Вы апатичного актера
Вдруг превратили в знатока,
И я могу сказать без спора
Победа эта не легка.
Спектакля день в воспоминаниях
Мы все актеры сохраним
И в милых доктора стараниях,
Конечно, Вас лишь обвиним.
В этом году первый раз случилось, что мы с братом были дома вечером, нам не надо было ехать в корпус. Следующий день было 6 декабря – праздновали первый раз именины наследника цесаревича Николая Александровича, кроме того, это совпало и с воскресеньем.
В декабре, перед рождественскими праздниками, состоялись годовые репетиции, которые я хорошо выдержал, праздники я провел дома, мой брат тоже, так что мы все соединились вместе. У княгини Терезии Петровны родился 1-го ноября сын, которого назвали Александром, за него очень боялись, так как его мать была больна чахоткой. Мальчик вырос очень хороший, и моя сестра страшно привязалась к нему. Он был единственный из правнуков императора, сохранивший титул императорского высочества.[88] Вскоре после его рождения, Александр III издал указ, по которому только внуки царей оставались великими князьями с титулом императорского высочества, правнуки же были уже князьями и высочествами, а потомки этих последних, оставаясь князьями, именовались светлостями. Одновременно с умалением титула соответственно уменьшались и права их, сокращались и суммы, отпускавшиеся на их приданое и содержание от Уделов.[89] Александр III так поступил в виду того, что число членов императорского дома с каждым годом чересчур все увеличивалось.
С воцарением Александра III произошли большие перемены в высшем начальстве военно-учебных заведений. Ушел граф Милютин – военный министр, о посещениях которого мы, пажи, всегда хранили самые дорогие воспоминания. Назначен был генерал-адъютант Ванновский. Ушел и главный начальник генерал Исаков, замененный генерал-лейтенантом Махотиным с назначением к нему помощником генерал-майора барона Зедделера. Военные гимназии были переименованы в кадетские корпуса.[90]
Ванновский резко отличался от графа Милютина, у него не хватало той мягкости, доброты, которые сквозили во всех обращениях Милютина с пажами.

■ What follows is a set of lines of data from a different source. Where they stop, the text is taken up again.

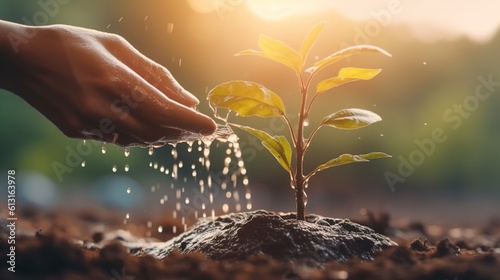 Close-up hands watering a young plant in the ground. AI generation photo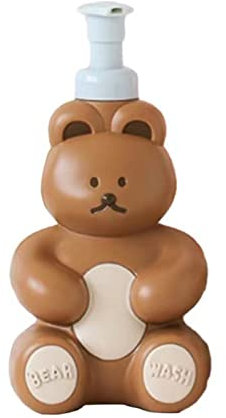 Soap Foam Bottle, Foam Pump Bottle, Cute Bear Shape, with Large Capacity, Pressed Design and Strong Pump Head, Foaming Soap Dispenser for Face Wash, Shower Gel, Hand Soap(Chocolate)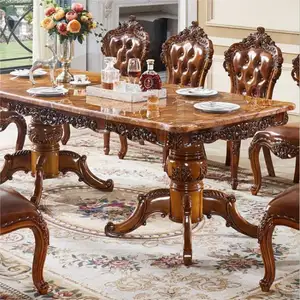 8 assentos mesa de jantar estilo europeu grande apartamento mesa de jantar retangular Mármore Top Sólida De Madeira Mesa De Jantar Set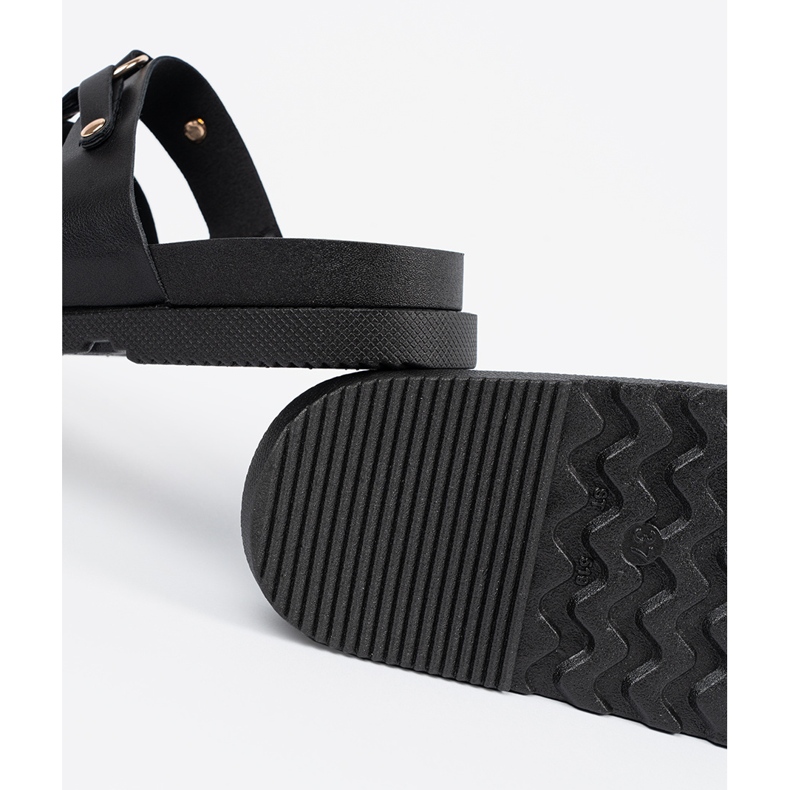 Seastar Svarta kvinnors tofflor dekorerade med tre ränder med strass 2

Ванновский был сухой педагог, формалист, и потому его посещения хотя и не возбуждали страха, но к ним мы относились равнодушно, и он не так вникал в нашу жизнь, интересуясь, главным образом, научной стороной. Что касается Махотина, то хотя он и не был так суров, как Исаков, которого посещения наводили на нас страх, но тем не менее он оставил во мне, думаю, что и во всех пажах, впечатление менее выгодное, чем Исаков. Он не внушал страха, хотя был очень сухим человеком и формалистом, но в обращении с пажами с громкими фамилиями или имевшими связи, держался какого-то заискивающего тона, что не могло ускользнуть от нас, мы были очень чутки. Его помощник – барон Зеделлер – был очень светлой личностью, его появление в корпусе вызывало в нас всегда радость. Это был живой, открытый человек.